Prabowo mengaku lupa soal uang yang digunakan AAL terkait pembelian rumah tersebut. Namun begitu Prabowo memastikan, dari tim penyidikannya, pada Maret 2023 lalu, pernah melakukan sita melalui pengembalian uang senilai Rp 6 miliar dari pihak developer properti menyangkut pembelian rumah oleh tersangka AAL.
“Iya. Yang jelas, itu memang kita pernah lakukan sita,” ujar Prabowo.
Dalam BAP AAL sebagai tersangka terungkap perannya sebagai pihak yang diminta oleh tersangka eks Menkominfo Johnny Gerard Plate (JGP) menyediakan uang Rp 500 juta setiap bulannya untuk operasional menteri dan tim.

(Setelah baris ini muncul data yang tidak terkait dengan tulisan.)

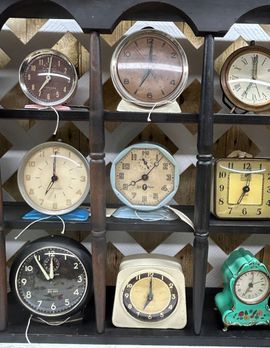 Assorted vintage clocks arranged in a wooden display shelf, each with a different face and style.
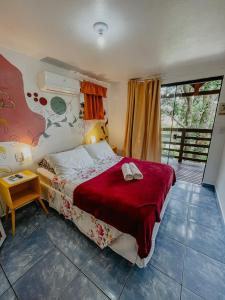1 dormitorio con 1 cama grande con manta roja en Pousada Praia de Bombinhas, en Bombinhas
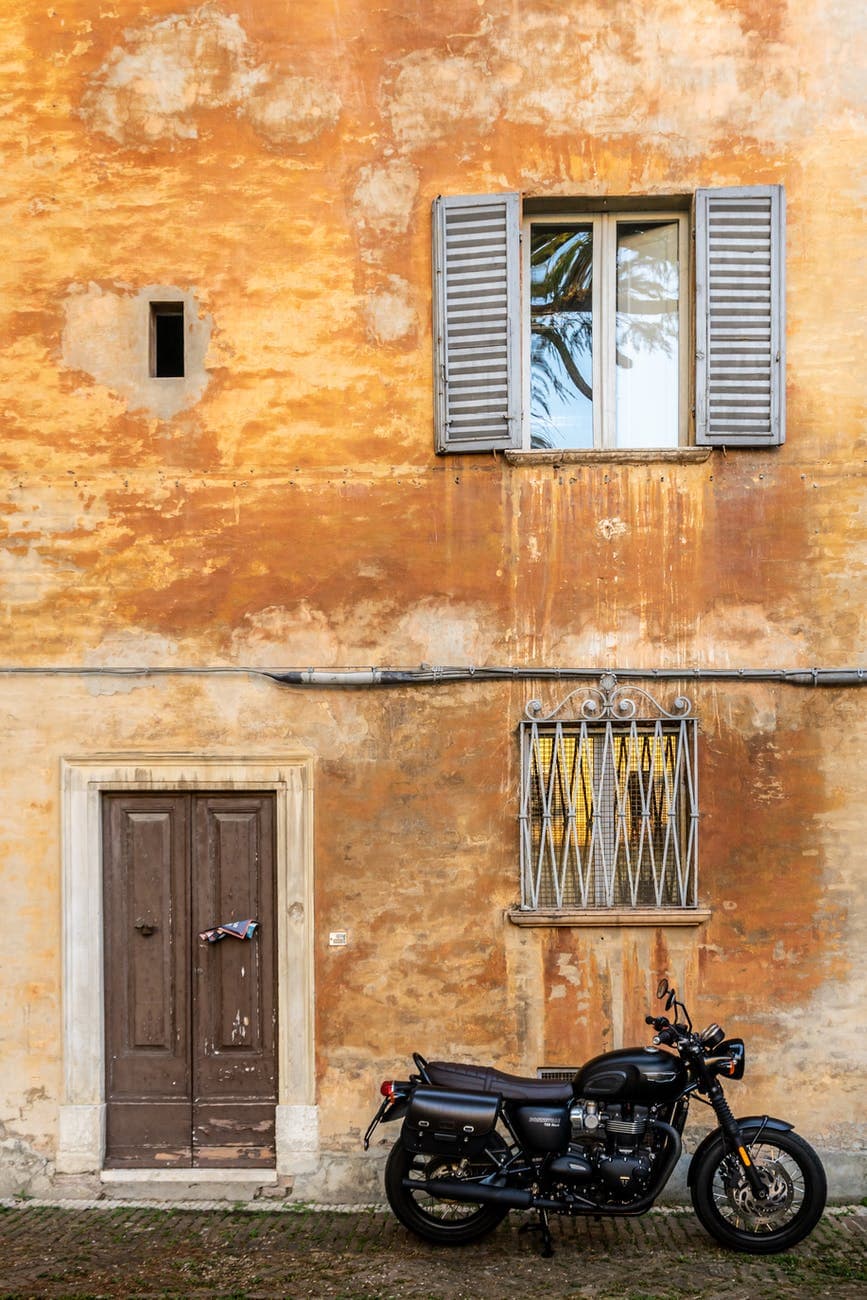photography of motorcycle parked near house
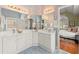 Primary bathroom featuring dual sink vanity, two mirrors, and access to bedroom at 1363 Brentwood Ln, Marietta, GA 30062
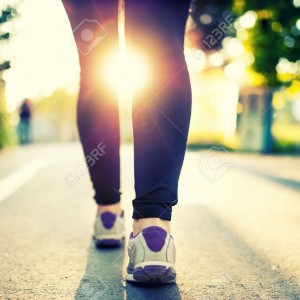 28283250-close-up-of-woman-athlete-feet-and-shoes-while-running-in-park-fitness-concept-and-welfare-with-fema2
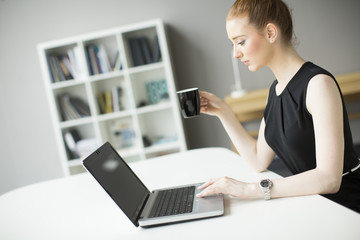 Young woman working in the office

Permintaan uang tersebut, diduga disampaikan langsung Johnny Plate saat meminta AAL menghadap di kantor menteri di Lantai 7 Kemenkominfo pada Januari-Februari 2021. Permintaan uang bulanan tersebut disampaikan oleh AAL, kepada IH untuk turut membantu mencari sumber setorannya.
Namun, terkait permintaan setoran bulanan kepada AAL tersebut, kuasa hukum Johnny Plate, Ali Nurdin membantahnya.
“Kalau atas perintah itu, nggak ada,” ujar Ali saat dijumpai, Kamis (8/6/2023).
Menyangkut soal tersangka AAL ini, belum ada pihak yang dapat memberikan klarifikasi. Dikabarkan, AAL dalam kasus ini mengandalkan pengacara Kresna Hutauruk sebagai pendamping hukumnya. Akan tetapi sampai berita ini dituliskan, Kresna Hutauruk belum memberikan respons.
Namun begitu, berkas perkara tersangka AAL sudah dilimpahkan ke Pengadilan Negeri Tindak Pidana Korupsi Jakarta Pusat (PN Tipikor Jakpus) untuk segera di sidangkan. Rencana sidang pembacaan dakwaan terhadap AAL, akan dilakukan pada Selasa (27/6/2023) mendatang.